Harley-Davidson Live WireJetzt surrt Harley elektrisch
Trotz Verzögerungen bei der Einführung und einem Produktionsengpass wegen der Corona-Krise rollt die Harley-Davidson Live Wire nun fast lautlos auf den Straßen.

Nun rollt Harley-Davidson auch lautlos. Wer mit der neuen Live Wire unterwegs ist, merkt sehr schnell: Das E-Bike erregt auch ohne den typischen Harley-Sound sehr viel Aufsehen. Wo immer der Muscle-Roadster auftritt, versammeln sich Interessierte um dieses kraftstrotzende Vehikel. Obwohl mit technischen Finessen und Details versehen, die den übrigen Baukasten-Bikes aus Milwaukee komplett abgehen, lässt sich ihre Herkunft mehr als erahnen – die Live Wire ist eindeutig eine Harley, wenngleich eine vollkommen neue Spezies. Hier sind fünf Gründe, die für das Elektro-Biest aus Milwaukee sprechen:
1. Die Power
Statt des typischen mächtigen V2-Motors dominiert ein gewaltiger Akku im Heizkörperformat die Optik. Darunter liegt längs der Elektromotor wie ein abschussbereiter Torpedo.
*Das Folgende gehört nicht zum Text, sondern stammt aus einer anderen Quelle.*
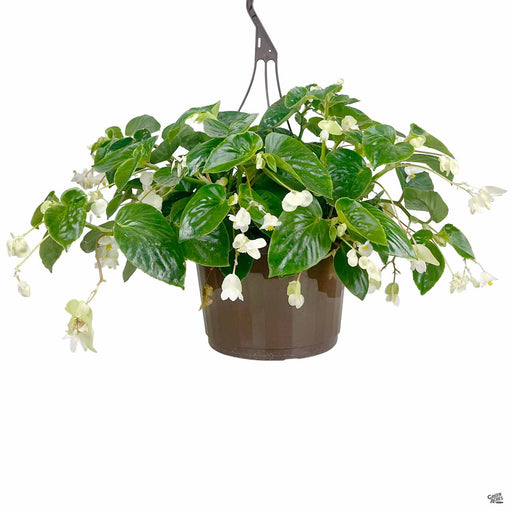 White Trailing Begonia Hanging Basket
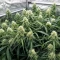 Mango Bubble Cloud Seeds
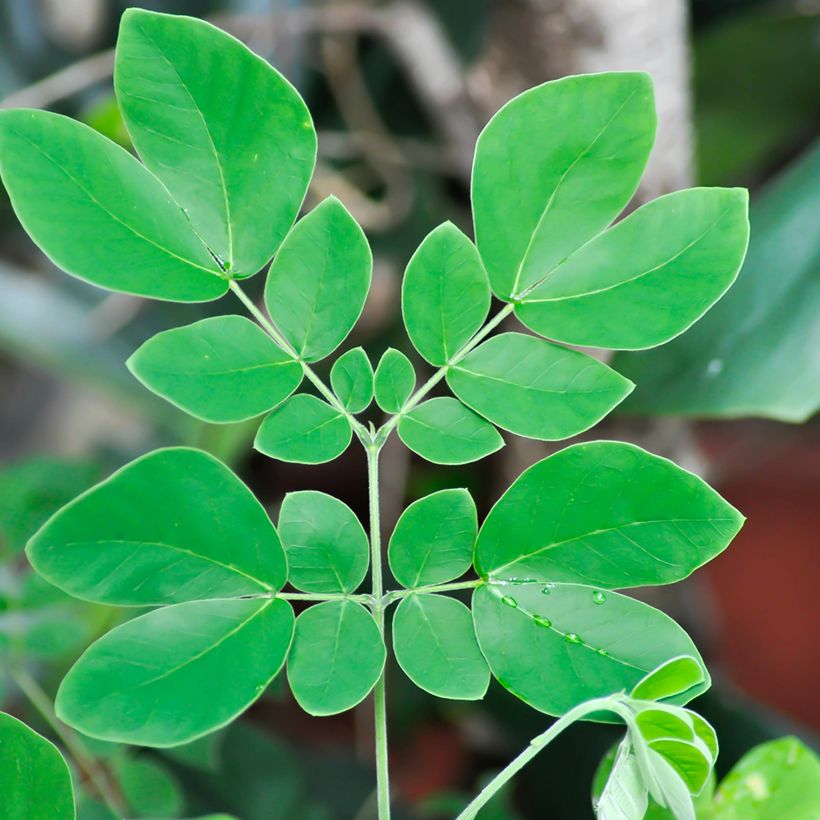 Albizzia saman - Regenboom (Blad)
Mit dem Funkschlüssel in der Jackentasche wird der Antrieb über eine Taste scharfgeschaltet, bevor die elektrische Herrlichkeit über einen weiteren Tastendruck freigegeben wird – diese Prozedur verhindert ungewolltes Gasgeben. Das, was kommt, ähnelt dem Ritt auf der Kanonenkugel: Extrem mächtig und konstant schieben 116 Newtonmeter Drehmoment und 78 kW die 249 Kilogramm wiegende Harley voran.
2. Die Performance
Das Fehlen von Schaltvorgängen macht vor allem Zwischensprints zur lässigen Fingerübung. Zahlen gefällig? Ein Fachmagazin ermittelte für den Durchzug von 50 auf 120 Stundenkilometer konkurrenzlose 4,1 Sekunden. Selbst im vorsichtigen Regen-Modus absolviert die Live Wire diese Übung in 5,2 Sekunden. Zum Vergleich: Eine 165 PS starke BMW S 1000 R benötigt dafür 5,9 Sekunden.
3. Das Feeling
Das Ambiente ist so bequem, dass auch längere Touren genussvoll möglich sind – ohne sich zurückzuhalten, ermöglicht die 15,5-kWh-Lithium-Ionen-Batterie im normalen Fahrbetrieb sicher die versprochenen 158 Kilometer. Immerhin. Die Rekuperation, also die Energierückgewinnung durch den vom Schub angetriebenen E-Motor, wirkt wie eine Motorbremse, wahlweise wie ein Zweitaktmotor fast ohne Gegenkraft im Segelbetrieb oder besonders stark, was wiederum die Bremsen schont. Beides hat seinen Reiz und fördert den Flow, sofern man sich darauf eingelassen hat. Hochwertige Federelemente bieten einen sportlichen Fahrkomfort. Geräuschlos ist das Elektro-Vergnügen nicht: Der Antrieb surrt so laut, dass viele Verkehrsteilnehmer den Kopf zum ungewohnten Geräusch drehen.
4. Der Look
Den Kopf drehen die Leute auch wegen des Looks der Live Wire: Die elektrische Harley sorgt schon im Stand für viel Aufsehen. Bullig und böse sieht das Bike aus, gleichzeitig clean und modern. Nach der tadellosen Verarbeitung würde sich jede «normale» Harley die Kolben lecken. Damit der Fahrer nicht wie ein Fähnchen im Wind flattert, sind der Sattel tief und der Fahrer relativ hoch angebracht. Der Oberkörper spannt sich etwas über die lange Tankattrappe, unter der sich die Batterie befindet. Das bringt Gewicht aufs Vorderrad und verhindert ungewollte «Wheelies».
5. Das Statement
Eine elektrische Harley – damit setzt man ein klares Statement. Lautes Bollern war gestern, heute ist futuristisches Surren angesagt. Das hat leider auch seinen Preis: 38.800 Euro will Harley-Davidson für die Live Wire haben – diese Ansage schränkt den Kundenkreis radikal ein. Schade, denn die Kultmarke ist auf Zahlen angewiesen: Während der Zweiradmarkt in der Schweiz in den ersten vier Monaten um knapp 22 Prozent nachgegeben hat, mussten die Amerikaner ein Minus von 34,18 Prozent verbuchen.